İkinci konu, bölgesel siyasette ılımlılık kanalları oluşturmak için İran ile seçici angajman içine girilmesidir ki, bu angajman, büyük bir koordinasyon içinde, kolektif şekilde yürütülmeli.
Üçüncüsü ise, İran'ın gücünü dengeleyebilecek ve aynı zamanda ülkeyle ekonomik ve siyasi bağlarını da koruyabilecek bir unsur olarak Türkiye ile ortaklığın pekiştirilmesi. Türkiye'nin Mısır'a yönelik dış politikası, kimi KİK ülkeleri ile sürtüşmeye yol açmış olsa da, söz konusu meseleler, uzakta kalınamayacak kadar önem taşımakta ve Türkiye, Körfez İşbirliği Konseyi'ne İran'ın bölgedeki nüfuzuyla başa çıkabilme konusunda yardımcı olabilir.

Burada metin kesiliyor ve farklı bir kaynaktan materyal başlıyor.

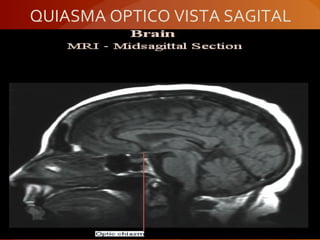 QUIASMA OPTICO VISTA SAGITAL
 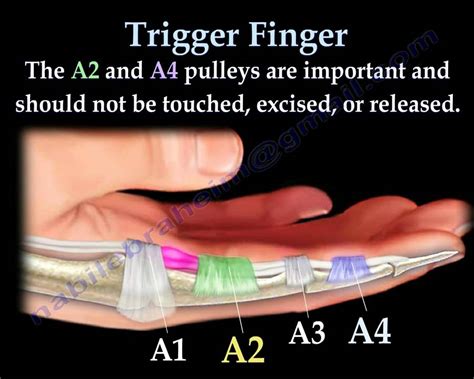 trigger finger  trigger thumb      dr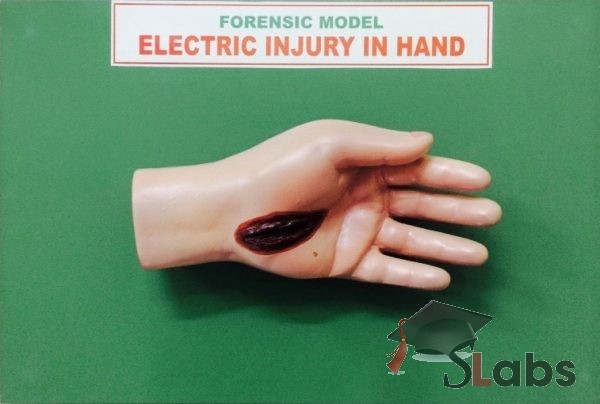 Electric Injury In Hand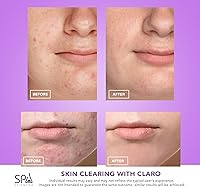 Vista 6 de Spa Sciences CLARO - Sistema de terapia de luz LED azul y rojo clínicamente probado para el acné FDA Cleared-Rechargeable - Tratamiento profesional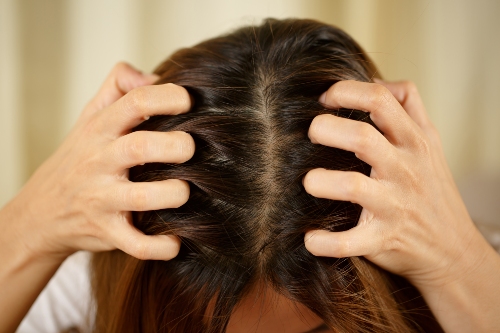 femme qui se gratte la tête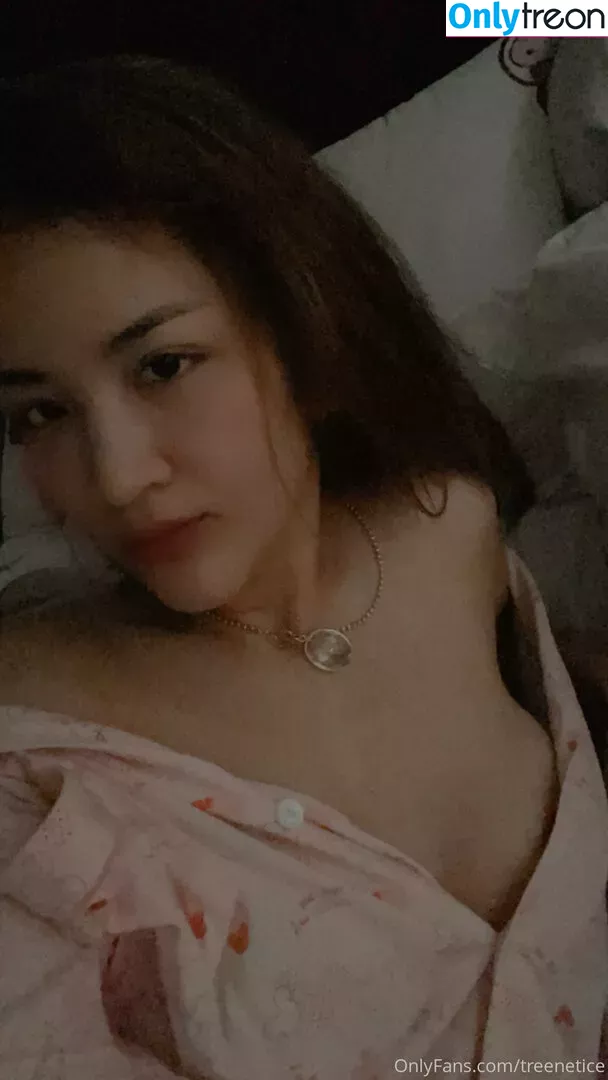 treenetpaenpet nude photo #0027 (treenet_ice)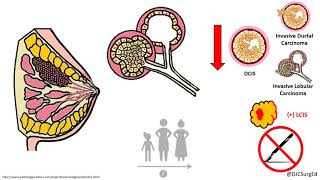 Breast Disease  Risk Lesions Pt 2  DCIS [upl. by Agan972]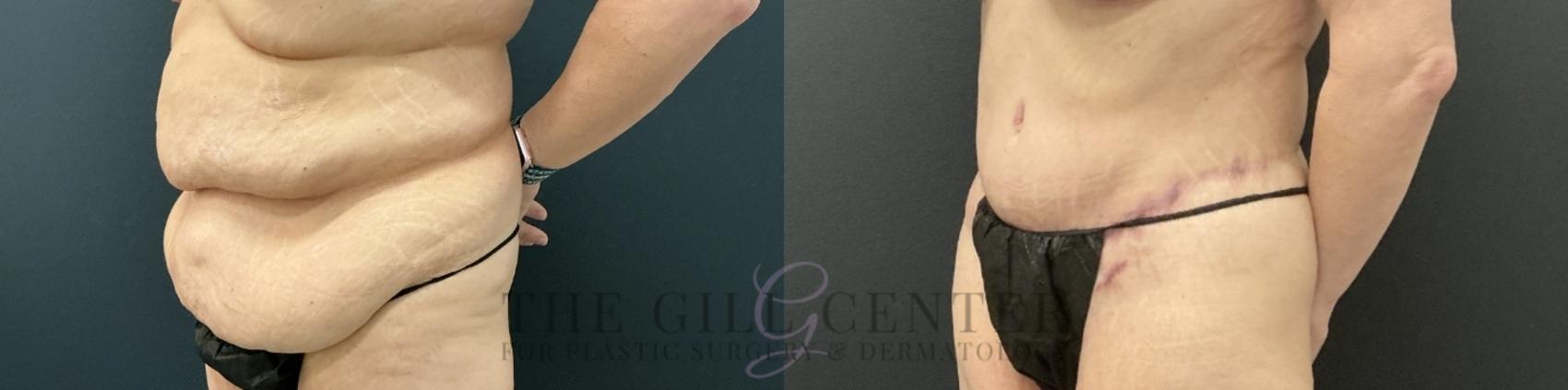 Tummy Tuck Case 737 Before & After Left Oblique | The Woodlands, TX | The Gill Center for Plastic Surgery and Dermatology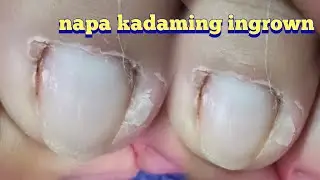 How to cut thick toenails - Toenail cleaning satisfying💚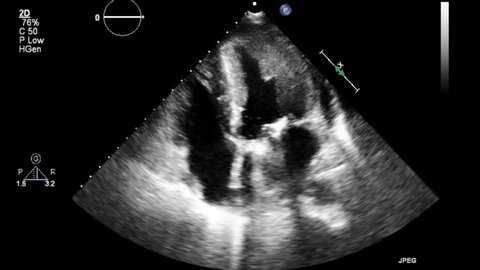 High quality transesophageal ultrasound video in gray-scale mode.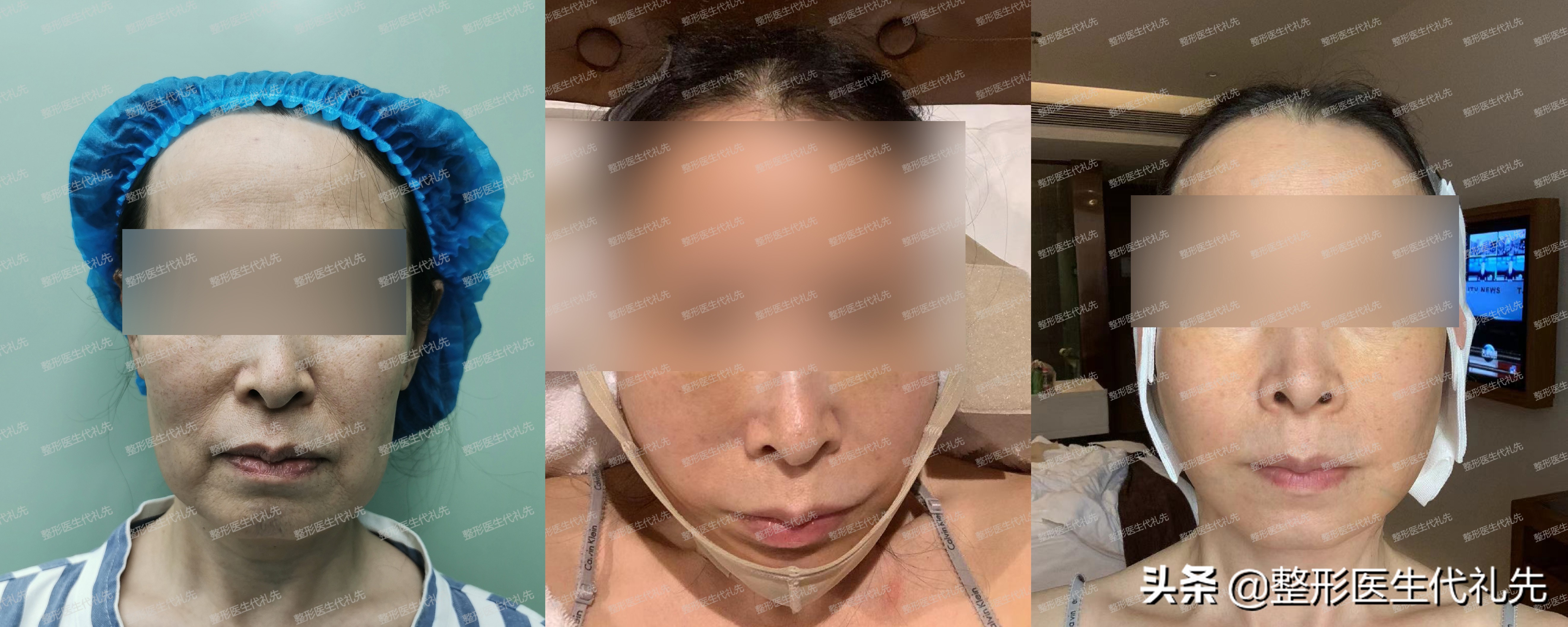 拉皮五天没消肿法令纹还在,拉皮手术可以去除法令纹吗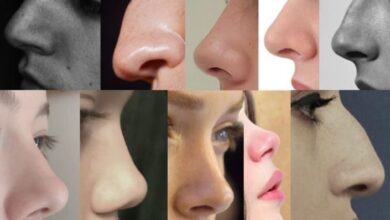 تجميل الأنف وتناسق الوجه: هل تبحث عن "الأنف المثالي"؟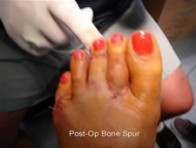 Best Foot Doctor NY Photo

Körfez bölgesindeki mevcut durum sürdürülebilir değil. Yeni bir bölgesel işbirliği ruhu ve beraberinde yapılacak dikkatli bir risk değerlendirmesi ile gelecek odaklı bir planlama, bölgesel düzenin yeniden yapılandırılması açısından faydalı olacaktır. Alternatif yol ise bölgesel yapının çöküşüne yol açabilir ki, böyle bir hasar, daha sonrasında yüksek bir bedel ödenerek dahi tamir edilemez.
Bülent Aras, Sabancı Üniversitesi Uluslararası İlişkiler Bölümü'nde Öğretim Üyesi ve aynı kuruma bağlı İstanbul Politikalar Merkezi'nde Çatışma Çözümü ve Arabuluculuk Projesi Koordinatörü. Aras aynı zamanda Washington merkezli bir düşünce kuruluşu olan Wilson Center bünyesinde kıdemli üye.